Kesepakatan perubahan postur APBN itu, tutur Sri Mulyani, pada pendapatan negara 2022 yang ditetapkan sebesar Rp2.266,2 triliun atau naik Rp420,1 triliun, dari sebelumnya yang sebesar Rp1.846,1 triliun.
Sri Mulyani mengatakan, peningkatan outlook pendapatan negara ini menunjukkan Indonesia lebih berdaya tahan daripada negara-negara lain. Saat negara lain menghadapi krisis, Indonesia malah bisa mendapat pendapatan lebih tinggi lebih dari Rp400 triliun.
“Dengan tambahan anggaran ini bisa kami gunakan untuk melindungi rakyat dan ekonomi. Sekaligus ini akan melindungi APBN. Karena tiga-tiganya adalah hal yang penting,” tutur Sri Mulyani dalam rapat kerja bersama dengan Badan Anggaran DPR RI, Kamis (19/5/2022).
Perubahan postur anggaran dilakukan untuk mengakomodasi kenaikan belanja negara, terutama yang terkait dengan subsidi energi dan perlindungan sosial yang disulut kenaikan harga minyak. Kenaikan harga minyak memang menjadi katalis positif bagi penerimaan negara. Akan tetapi, kondisi ini juga membawa konsekuensi ikutan, yakni kenaikan kebutuhan belanja untuk subsidi energi dan perlindungan sosial.
Kedua pos belanja itu wajib dinaikkan untuk menjaga daya beli masyarakat, sehingga inflasi tetap dalam kendali. Apabila inflasi tidak mampu dijangkau pemerintah, maka otoritas moneter akan menaikkan suku bunga acuan. Tak dipungkiri, kenaikan suku bunga juga berpotensi mengerem laju momentum pemulihan ekonomi serta kesehatan berusaha.
Perubahan APBN 2022 ditandai dengan revisi asumsi dasar ekonomi makro serta prospek belanja sepanjang tahun ini. Pemerintah dan DPR sepakat menaikkan target inflasi dari 3 persen menjadi 2 persen—4 persen.
Selain perubahan pendapatan negara menjadi Rp2.266,2 triliun dari semula Rp1.846,1 triliun, belanja negara juga berubah menjadi Rp3.106,4 triliun dari semula Rp2.714,2 triliun. Dari komponen ini, kemudian didistribusikan untuk kepentingan belanja pemerintah pusat dari semula Rp1.44,5 menjadi Rp2.301,6 triliun.
Belanja itu, terdiri dari belanja kementerian/lembaga (K/L) Rp945,8 triliun menjadi Rp948,8 triliun. Berikutnya, belanja non-K/L dari semula Rp998,8 menjadi Rp1.352, 9 triliun.
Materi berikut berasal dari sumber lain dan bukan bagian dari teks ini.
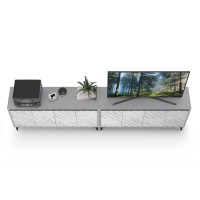 СНЯТО Тумба под ТВ Муар 13.261.02 + 13.261.02, цвет ЛДСП стальной серый/МДФ мрамор белый, ШхГхВ 273,6х40х71,8 см.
Nah, komponen belanja non-K/L meliputi subsidi energi yang naik menjadi Rp208,9 triliun dari semula Rp134,0 triliun, kompensasi BBM dan listrik dari Rp18,5 triliun menjadi Rp293,5 triliun, penyesuaian anggaran pendidikan non-K/L sebesar Rp19 triliun menjadi Rp43 triliun, penebalan perlindungan sosial dari tak teranggarkan menjadi Rp18,6 triliun.
Perubahan postur APBN itu, seperti disampaikan Menteri Keuangan, untuk mengakomodasi kenaikan belanja negara, terutama yang terkait dengan subsidi energi dan perlindungan sosial yang disulut kenaikan harga minyak. Adapun, anggaran perlindungan sosial pada tahun ini mendapatkan tambahan senilai Rp18,6 triliun, subsidi bahan bakar minyak (BBM) dan liquid petroleum gas (LPG) Rp74,9 triliun, dan subsidi listrik Rp3 triliun.
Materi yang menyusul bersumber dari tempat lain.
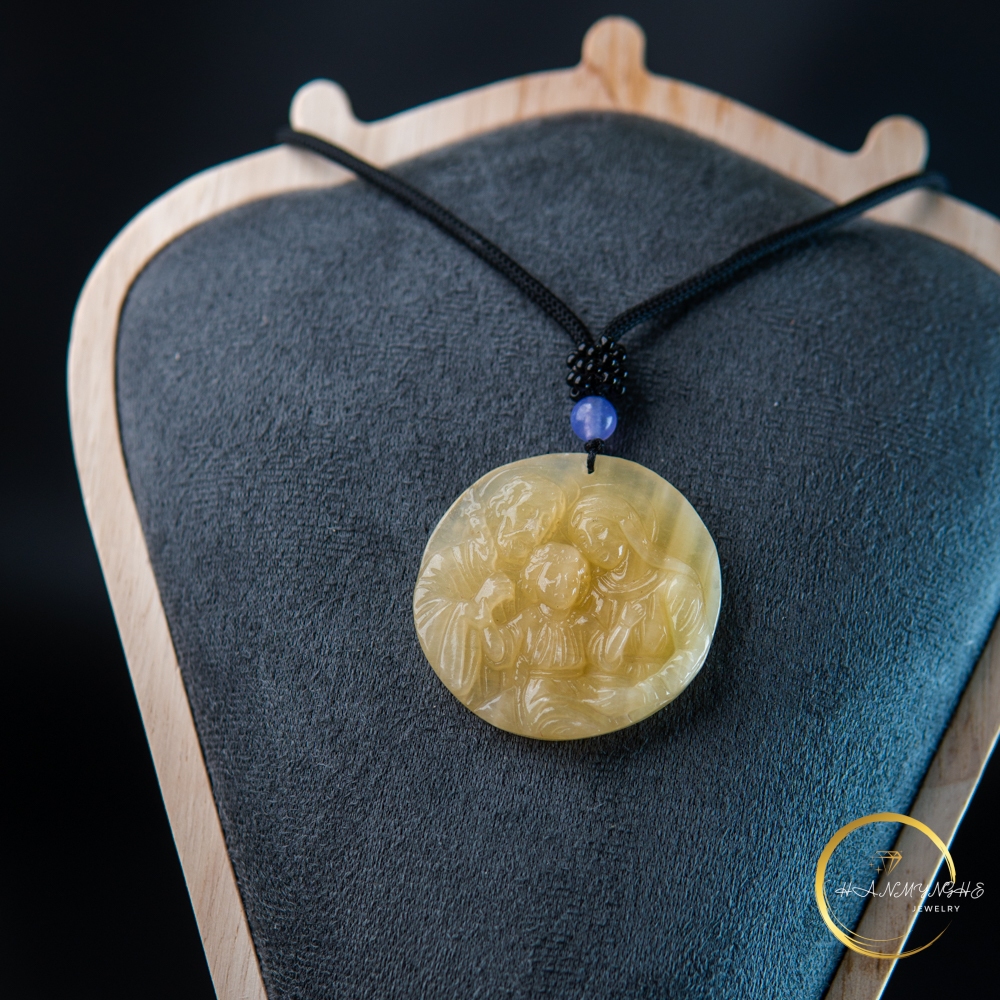 Mặt dây chuyền gia đình thánh đá ngọc hoàng long tặng kèm dây đeo HANMYNGHE 1 Mặt dây chuyền gia đình thánh đá ngọc hoàng long tặng kèm dây đeo HANMYNGHE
Otoritas fiskal juga menaikkan Indonesian Crude Price (ICP) dari USD63 per barel menjadi USD95— USD105/barel. Dengan kenaikan subsidi energi, pemerintah dan DPR sepakat untuk tidak menaikkan harga elpiji 3 kg, harga BBM bersubsidi, dan tarif listrik di bawah 3.000 VA dilakukan demi melindungi daya beli masyarakat, menjaga pemulihan ekonomi nasional, serta menyelamatkan keuangan Pertamina dan PLN yang tengah mengalami krisis arus kas akibat mendapat penugasan pemerintah.
Artinya, pemerintah harus mengalokasikan anggaran subsidi BBM dan elpiji 3kg jadi Rp149,4 triliun dari semula Rp77,5 triliun menjadi Rp149,4 triliun, atau bertambah Rp71,8 trliun, serta anggaran subsidi listrik yang naik dari Rp56,5 triliun menjadi Rp59,6 triliun.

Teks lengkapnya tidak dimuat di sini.